TASK PROMPT: Each line of the entries that contains the word "Yellow" adds one. Reply with the resulting number only.

SUPPLIED DATA:
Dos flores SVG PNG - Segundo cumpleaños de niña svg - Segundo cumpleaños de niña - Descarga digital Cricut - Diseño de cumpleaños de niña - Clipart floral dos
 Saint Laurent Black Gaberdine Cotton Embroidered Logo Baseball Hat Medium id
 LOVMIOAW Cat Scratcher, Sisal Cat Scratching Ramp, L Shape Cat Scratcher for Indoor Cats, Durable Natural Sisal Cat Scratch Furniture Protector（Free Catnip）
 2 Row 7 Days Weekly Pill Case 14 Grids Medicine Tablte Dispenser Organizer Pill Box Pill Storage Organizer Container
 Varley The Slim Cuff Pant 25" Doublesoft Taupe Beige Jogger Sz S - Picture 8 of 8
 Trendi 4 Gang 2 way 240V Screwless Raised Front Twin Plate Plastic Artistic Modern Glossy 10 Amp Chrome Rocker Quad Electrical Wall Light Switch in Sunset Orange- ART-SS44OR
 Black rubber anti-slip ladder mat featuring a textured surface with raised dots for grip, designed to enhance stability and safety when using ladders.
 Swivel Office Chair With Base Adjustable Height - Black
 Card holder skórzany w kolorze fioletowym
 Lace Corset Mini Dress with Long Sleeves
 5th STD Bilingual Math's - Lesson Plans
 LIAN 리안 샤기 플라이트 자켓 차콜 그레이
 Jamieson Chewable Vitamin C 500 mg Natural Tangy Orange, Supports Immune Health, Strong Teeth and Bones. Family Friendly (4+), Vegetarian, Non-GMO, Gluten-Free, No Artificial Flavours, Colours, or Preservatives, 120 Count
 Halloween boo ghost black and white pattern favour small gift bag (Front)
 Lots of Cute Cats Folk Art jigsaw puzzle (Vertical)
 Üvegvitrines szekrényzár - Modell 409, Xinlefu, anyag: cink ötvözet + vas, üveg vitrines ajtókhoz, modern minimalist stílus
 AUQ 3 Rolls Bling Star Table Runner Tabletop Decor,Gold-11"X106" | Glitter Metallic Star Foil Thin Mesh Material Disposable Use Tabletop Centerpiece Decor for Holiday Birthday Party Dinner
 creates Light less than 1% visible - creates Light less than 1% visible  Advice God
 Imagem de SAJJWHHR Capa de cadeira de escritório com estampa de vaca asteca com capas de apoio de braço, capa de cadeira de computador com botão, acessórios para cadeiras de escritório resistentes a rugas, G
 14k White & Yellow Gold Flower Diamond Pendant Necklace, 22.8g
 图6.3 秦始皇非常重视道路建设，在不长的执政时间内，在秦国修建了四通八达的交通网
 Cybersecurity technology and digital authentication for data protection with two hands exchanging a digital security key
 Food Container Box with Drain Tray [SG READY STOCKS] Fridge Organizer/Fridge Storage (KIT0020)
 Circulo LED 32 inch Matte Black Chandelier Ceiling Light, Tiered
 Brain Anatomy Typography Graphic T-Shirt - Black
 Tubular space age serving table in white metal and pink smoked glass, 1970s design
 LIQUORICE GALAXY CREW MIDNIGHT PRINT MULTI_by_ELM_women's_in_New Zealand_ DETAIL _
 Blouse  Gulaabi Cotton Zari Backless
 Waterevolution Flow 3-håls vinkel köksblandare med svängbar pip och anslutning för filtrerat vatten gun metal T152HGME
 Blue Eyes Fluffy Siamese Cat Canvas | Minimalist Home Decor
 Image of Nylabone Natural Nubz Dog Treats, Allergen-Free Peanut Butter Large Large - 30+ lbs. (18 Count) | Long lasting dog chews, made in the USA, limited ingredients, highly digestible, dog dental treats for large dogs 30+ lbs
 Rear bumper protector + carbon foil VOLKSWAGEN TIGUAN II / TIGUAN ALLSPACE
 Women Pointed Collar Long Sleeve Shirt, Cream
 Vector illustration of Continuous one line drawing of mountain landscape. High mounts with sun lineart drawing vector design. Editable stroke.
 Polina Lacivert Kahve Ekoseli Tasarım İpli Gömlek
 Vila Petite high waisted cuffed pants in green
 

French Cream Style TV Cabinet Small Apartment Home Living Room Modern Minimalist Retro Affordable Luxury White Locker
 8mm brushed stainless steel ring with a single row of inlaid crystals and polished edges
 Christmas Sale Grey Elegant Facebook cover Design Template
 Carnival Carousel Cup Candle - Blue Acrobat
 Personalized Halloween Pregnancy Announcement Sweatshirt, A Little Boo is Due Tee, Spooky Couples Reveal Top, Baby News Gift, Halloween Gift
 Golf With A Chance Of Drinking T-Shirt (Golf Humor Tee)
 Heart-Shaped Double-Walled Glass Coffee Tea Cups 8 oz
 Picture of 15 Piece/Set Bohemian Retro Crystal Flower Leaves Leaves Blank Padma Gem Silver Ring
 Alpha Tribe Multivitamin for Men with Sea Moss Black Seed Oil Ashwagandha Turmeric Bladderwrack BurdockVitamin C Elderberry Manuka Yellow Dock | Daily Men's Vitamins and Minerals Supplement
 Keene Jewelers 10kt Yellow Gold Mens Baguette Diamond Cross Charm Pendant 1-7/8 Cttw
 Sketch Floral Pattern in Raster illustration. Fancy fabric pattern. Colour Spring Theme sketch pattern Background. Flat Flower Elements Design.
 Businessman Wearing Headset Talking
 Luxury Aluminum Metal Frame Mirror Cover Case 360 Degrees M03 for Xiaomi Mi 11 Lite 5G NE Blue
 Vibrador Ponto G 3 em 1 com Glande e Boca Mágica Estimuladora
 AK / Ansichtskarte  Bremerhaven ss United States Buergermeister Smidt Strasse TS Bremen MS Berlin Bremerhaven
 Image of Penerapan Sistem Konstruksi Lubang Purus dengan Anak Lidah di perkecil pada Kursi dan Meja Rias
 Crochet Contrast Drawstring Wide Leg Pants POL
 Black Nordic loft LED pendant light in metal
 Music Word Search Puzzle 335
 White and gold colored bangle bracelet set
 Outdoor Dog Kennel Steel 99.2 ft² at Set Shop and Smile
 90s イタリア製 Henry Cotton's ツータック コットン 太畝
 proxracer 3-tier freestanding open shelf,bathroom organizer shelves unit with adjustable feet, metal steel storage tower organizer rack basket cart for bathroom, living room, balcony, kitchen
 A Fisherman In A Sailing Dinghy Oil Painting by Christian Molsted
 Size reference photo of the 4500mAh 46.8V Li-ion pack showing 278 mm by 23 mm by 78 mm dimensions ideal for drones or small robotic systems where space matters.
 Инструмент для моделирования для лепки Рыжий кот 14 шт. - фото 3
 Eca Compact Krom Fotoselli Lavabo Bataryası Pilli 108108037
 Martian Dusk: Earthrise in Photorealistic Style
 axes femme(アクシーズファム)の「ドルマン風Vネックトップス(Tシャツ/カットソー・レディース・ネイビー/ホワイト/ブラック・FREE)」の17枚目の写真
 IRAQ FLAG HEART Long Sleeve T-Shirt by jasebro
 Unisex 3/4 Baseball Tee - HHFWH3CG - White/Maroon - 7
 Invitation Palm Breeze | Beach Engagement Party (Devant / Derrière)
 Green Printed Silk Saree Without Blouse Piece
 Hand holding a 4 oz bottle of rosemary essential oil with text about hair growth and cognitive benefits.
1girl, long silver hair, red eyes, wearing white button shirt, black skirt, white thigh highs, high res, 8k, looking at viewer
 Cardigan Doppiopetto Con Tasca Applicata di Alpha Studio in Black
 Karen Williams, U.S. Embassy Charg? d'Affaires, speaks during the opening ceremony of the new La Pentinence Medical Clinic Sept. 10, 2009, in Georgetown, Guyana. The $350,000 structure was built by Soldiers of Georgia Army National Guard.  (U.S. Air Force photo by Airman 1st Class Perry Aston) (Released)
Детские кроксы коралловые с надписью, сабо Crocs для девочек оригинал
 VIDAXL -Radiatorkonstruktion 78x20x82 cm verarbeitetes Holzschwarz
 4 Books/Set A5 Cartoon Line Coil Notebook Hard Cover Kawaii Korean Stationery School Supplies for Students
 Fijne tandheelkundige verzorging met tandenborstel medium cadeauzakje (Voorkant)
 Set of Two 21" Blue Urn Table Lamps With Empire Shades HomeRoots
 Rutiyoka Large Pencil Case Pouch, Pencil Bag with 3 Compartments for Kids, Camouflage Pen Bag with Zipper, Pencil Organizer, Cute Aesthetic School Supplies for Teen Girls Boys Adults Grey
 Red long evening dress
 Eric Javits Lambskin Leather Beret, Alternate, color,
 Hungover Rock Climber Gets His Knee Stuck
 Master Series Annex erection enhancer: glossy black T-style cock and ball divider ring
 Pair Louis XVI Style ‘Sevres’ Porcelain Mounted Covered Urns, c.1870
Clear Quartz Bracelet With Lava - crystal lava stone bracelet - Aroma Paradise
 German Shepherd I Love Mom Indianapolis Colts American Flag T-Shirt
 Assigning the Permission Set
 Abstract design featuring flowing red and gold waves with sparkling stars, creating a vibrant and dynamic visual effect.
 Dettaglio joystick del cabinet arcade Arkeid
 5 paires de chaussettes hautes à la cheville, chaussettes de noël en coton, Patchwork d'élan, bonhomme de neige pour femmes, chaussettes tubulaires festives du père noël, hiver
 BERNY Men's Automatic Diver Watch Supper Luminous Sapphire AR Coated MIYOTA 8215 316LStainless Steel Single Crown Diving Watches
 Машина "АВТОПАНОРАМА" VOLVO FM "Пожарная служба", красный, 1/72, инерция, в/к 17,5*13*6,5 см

SOLUTION: 3